Mais ce jour-là, le ciel avait décidé de n'en faire qu'à sa tête et l'atmosphère ressemblait plutôt à celle de l'Ecosse, si ce n'était cette architecture majestueuse d'églises et de palais typiquement italienne qui contredisait notre sensation de froid et d'humidité. Et pendant qu'une procession de parapluies bariolés parcourait les petites ruelles pour que leurs propriétaires transis se réchauffent dans une auberge avec un bon espresso, les terrasses du bord de l'eau restaient désertes et bien silencieuses.
Même si nous étions douchés malgré nos parapluies, nous pouvions nous considérer comme chanceux par rapport à ce qui se passait à l'autre bout du pays. En effet, les images venues de l'Emilie-Romagne étaient plus que désolantes. Ravagée par des pluies diluviennes qui ne voulaient pas s'interrompre, la région subissait l'ire des cieux et les dégâts étaient déjà incommensurables.

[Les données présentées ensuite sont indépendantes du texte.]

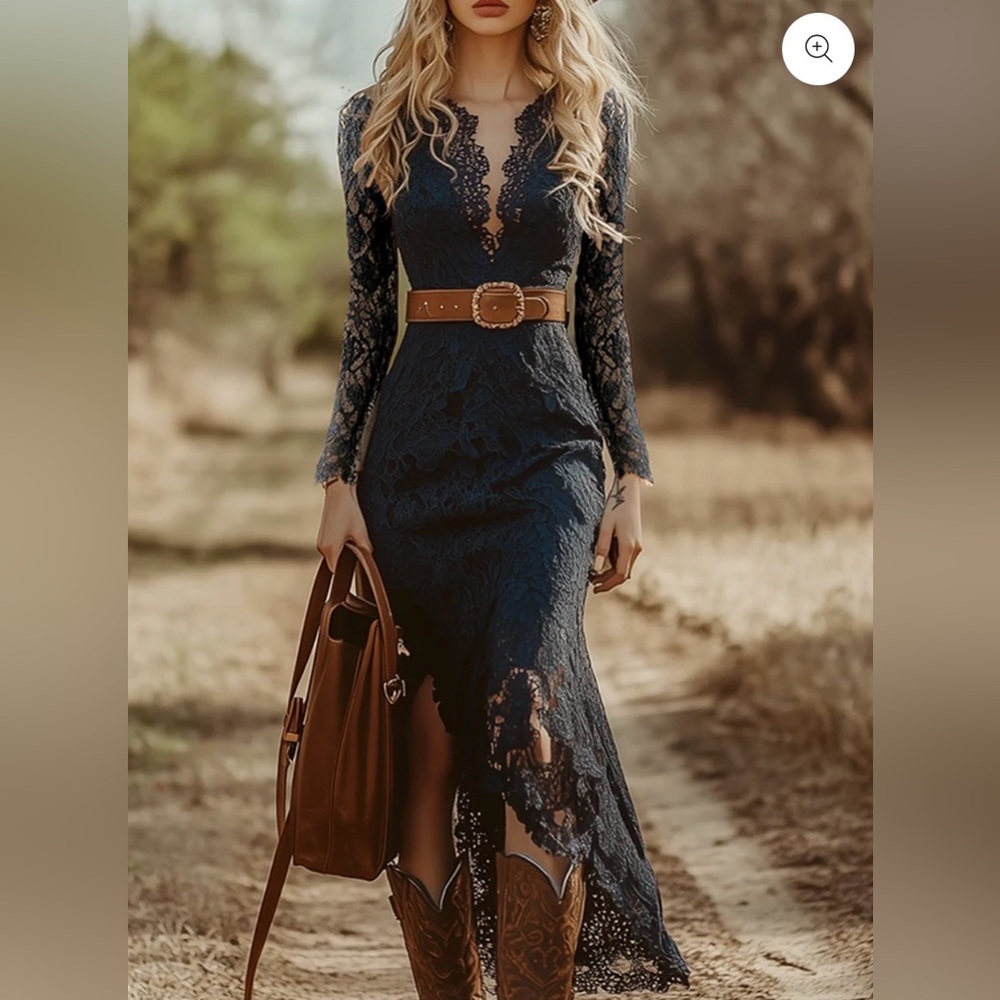 OYROSY Navy Blue Lace Western Midi Dress – Deep V – XS – NWOT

Nous ne pouvions qu'être solidaires par la pensée et espérer que le soleil brillerait rapidement. Mais le lendemain et le surlendemain, les dieux en colère ont détourné leur attention de l'Emilie-Romagne pour déverser leur trop-plein de vengeance cette fois-ci sur le Piémont que nous avions rejoint. Les brumes encerclaient les vignes, les châteaux se perdaient dans les nuages menaçants, les routes sillonnant les collines étaient détrempées et les rivières, sous haute surveillance, dévalaient les contreforts alpins pour se jeter dans un Pô déjà bien trop rempli. Et malgré la dégustation de produits locaux dans des auberges très accueillantes qui nous redonnait un peu de baume au coeur, nous ne pouvions que reconsidérer le fait que les catastrophes naturelles ne sont plus seulement l'apanage de pays lointains mais frappent également à nos portes, remettant en cause toutes nos belles certitudes sur le fait que l'Ailleurs est très loin de l'Ici.